Marketing Plans: Dust Collector or Useful Tools?

  • September 30, 2013
  • Fran Stephenson
  • 4 min read

Last week, I facilitated a session by the same name at the Texas Travel Industry Summit in Corpus Christi.  It was a “shirtsleeves” session designed to help travel professionals talk about their successes and challenges and draw sessionphoto1from the collective group to find solutions or ideas they could take back to their organizations.

Our panel of experts included Beth West of Meredith Corporation, Daryl Whitworth of Madden Media and Shanna Smith of the San Antonio Convention and Visitors Bureau.  Each panelist brought a different point of view and had past experience creating marketing plans for different types of travel organizations or clients.  Prior to our session, the team curated a list of resources for travel organizations on building marketing plans. You can see the list here: http://bit.ly/mktplansrock.

Here are some of the best practices we discussed.

Make your Plan Relevant

It’s a key challenge to make sure your plan is relevant to your current marketing challenges and the audiences you are trying to reach. To be relevant, your plan should include a variety of disciplines including public relations, social media, advertising, sales and stakeholder outreach.

Give Your Plan Context

This is the starting point for a marketing plan.  It should include your mission and vision or statement of purpose as well as an assessment of where you are. That might be a SWOT Analysis or assessment of how last years’ plan turned out.  This sets the stage for your new ideas to follow in terms of creating goals and objectives.

Do Some Research

Before writing next years’ plan, reflect on what happened this year.  Which stakeholder groups are up or down? Which events had better attendance? Can you attribute success to a particular channel or campaign? What happened in similar destinations? What research findings from US Travel Association and TTIA are relevant to your plan? This should form an entire section in the early part of the plan.

Create a Timeline

Many travel organizations traditionally plan one year out.  While some use a calendar year, others are forced into a fiscal calendar which begins in October and spans one year.  Rapid changes in technology make this timeline challenging. Many tech companies only plan one quarter at a time. Since that’s not an option with travel organizations, the timeline is tough.

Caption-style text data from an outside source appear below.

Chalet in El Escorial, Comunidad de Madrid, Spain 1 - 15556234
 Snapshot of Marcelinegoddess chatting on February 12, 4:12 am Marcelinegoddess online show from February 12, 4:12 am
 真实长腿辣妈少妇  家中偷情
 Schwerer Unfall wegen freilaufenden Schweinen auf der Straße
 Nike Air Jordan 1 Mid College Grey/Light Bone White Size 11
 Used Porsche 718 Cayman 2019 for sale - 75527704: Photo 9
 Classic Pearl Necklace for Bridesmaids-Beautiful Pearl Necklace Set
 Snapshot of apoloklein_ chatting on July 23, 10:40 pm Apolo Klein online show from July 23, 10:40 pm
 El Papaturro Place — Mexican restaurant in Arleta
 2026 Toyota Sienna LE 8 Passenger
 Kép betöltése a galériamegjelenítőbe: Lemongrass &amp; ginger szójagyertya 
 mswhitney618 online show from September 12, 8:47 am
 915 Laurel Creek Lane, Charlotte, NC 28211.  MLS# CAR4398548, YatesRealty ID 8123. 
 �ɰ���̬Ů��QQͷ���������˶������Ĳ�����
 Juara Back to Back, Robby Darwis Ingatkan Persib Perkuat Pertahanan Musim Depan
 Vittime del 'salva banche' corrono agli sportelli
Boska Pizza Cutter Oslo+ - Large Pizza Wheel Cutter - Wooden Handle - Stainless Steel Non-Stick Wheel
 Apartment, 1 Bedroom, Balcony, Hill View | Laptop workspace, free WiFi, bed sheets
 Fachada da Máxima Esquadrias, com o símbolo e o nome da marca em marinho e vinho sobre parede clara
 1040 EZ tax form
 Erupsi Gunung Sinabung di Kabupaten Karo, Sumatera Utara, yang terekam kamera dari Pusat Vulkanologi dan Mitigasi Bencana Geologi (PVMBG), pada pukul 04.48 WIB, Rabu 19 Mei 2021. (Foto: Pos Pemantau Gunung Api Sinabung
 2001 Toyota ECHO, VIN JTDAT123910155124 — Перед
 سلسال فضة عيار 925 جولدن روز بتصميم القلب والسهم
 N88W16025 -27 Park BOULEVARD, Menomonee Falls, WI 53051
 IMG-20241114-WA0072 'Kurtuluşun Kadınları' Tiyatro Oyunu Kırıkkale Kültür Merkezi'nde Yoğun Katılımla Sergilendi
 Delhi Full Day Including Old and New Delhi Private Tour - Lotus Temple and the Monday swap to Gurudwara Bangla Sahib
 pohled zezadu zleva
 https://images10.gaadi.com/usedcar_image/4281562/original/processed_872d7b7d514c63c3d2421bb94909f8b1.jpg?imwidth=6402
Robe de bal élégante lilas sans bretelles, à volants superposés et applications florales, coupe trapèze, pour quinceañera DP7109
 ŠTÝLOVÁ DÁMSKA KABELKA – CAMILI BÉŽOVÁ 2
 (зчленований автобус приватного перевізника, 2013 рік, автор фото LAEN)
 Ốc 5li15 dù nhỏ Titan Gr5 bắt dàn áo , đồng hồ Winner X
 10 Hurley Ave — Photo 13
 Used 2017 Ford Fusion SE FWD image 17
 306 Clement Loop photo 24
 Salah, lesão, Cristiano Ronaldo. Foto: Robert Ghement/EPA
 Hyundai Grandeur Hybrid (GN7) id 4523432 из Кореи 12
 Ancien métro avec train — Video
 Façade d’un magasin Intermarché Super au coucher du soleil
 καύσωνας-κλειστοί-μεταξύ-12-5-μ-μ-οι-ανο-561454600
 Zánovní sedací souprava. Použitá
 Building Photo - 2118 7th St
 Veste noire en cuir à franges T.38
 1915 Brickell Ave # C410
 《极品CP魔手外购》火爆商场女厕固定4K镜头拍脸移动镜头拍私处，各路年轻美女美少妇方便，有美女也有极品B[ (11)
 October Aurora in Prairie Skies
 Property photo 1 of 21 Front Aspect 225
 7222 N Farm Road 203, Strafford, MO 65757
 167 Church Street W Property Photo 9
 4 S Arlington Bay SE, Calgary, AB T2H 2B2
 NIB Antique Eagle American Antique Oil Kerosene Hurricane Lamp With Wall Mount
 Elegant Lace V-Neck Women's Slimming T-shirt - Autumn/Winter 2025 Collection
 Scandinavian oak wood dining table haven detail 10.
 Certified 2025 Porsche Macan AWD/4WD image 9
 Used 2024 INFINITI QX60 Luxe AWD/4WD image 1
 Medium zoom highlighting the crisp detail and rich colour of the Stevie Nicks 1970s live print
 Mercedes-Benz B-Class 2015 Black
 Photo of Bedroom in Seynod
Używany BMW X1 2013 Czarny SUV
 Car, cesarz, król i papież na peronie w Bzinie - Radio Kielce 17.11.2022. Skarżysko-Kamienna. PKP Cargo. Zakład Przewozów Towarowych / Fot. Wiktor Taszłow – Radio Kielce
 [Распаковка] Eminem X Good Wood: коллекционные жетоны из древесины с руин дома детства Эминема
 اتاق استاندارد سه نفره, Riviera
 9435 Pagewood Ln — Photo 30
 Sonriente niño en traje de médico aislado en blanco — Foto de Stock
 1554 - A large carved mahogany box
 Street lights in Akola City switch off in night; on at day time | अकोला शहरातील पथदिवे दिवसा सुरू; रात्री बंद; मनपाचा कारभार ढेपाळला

Build Flexibility Into Your Plan

Having a plan with flexibility is one way a travel organization can beat the timeline crunch.  One destination manager shared her agreement with a governing board which allows for discretionary spending on a percentage of the annual budget.

Integrate Your Plan

Media Spending is NOT a marketing plan.  Media spending should be PART of your marketing plan.  Integrating all the functions of your marketing team makes your plan richer and sets up your organization for success.  It also minimizes the possibility of missing a consumer touchpoint, too.

Have a Contingency

Contingencies are a great way to leverage a last minute opportunity.  They are also necessary for travel organizations in the event of a disaster.  Most travel organizations have a small spending contingency, we had no consensus as to what that level should be.

Engage Your Partners

Destinations have specific partners which they must engage for a successful marketing plan.  One new destination group shared that they have a day-long  workshop with their hotels and attractions to talk about the successes and challenges of the year and begin planning for the next year. This early buy-in from their partners guarantees that everyone is happy with the final result.

Be Visible to Your Stakeholders

One destination at the session shared that they meet with their stakeholders monthly to take a pulse on attendance and revenue. This goes a long way to informing the key elements of next years’ plan.

Incorporating one or more of these themes into your next marketing plan should take your travel organizations’ marketing plan from dust collector to useful tool.  Do you have best practices in your travel organizations’ marketing plan that you can share?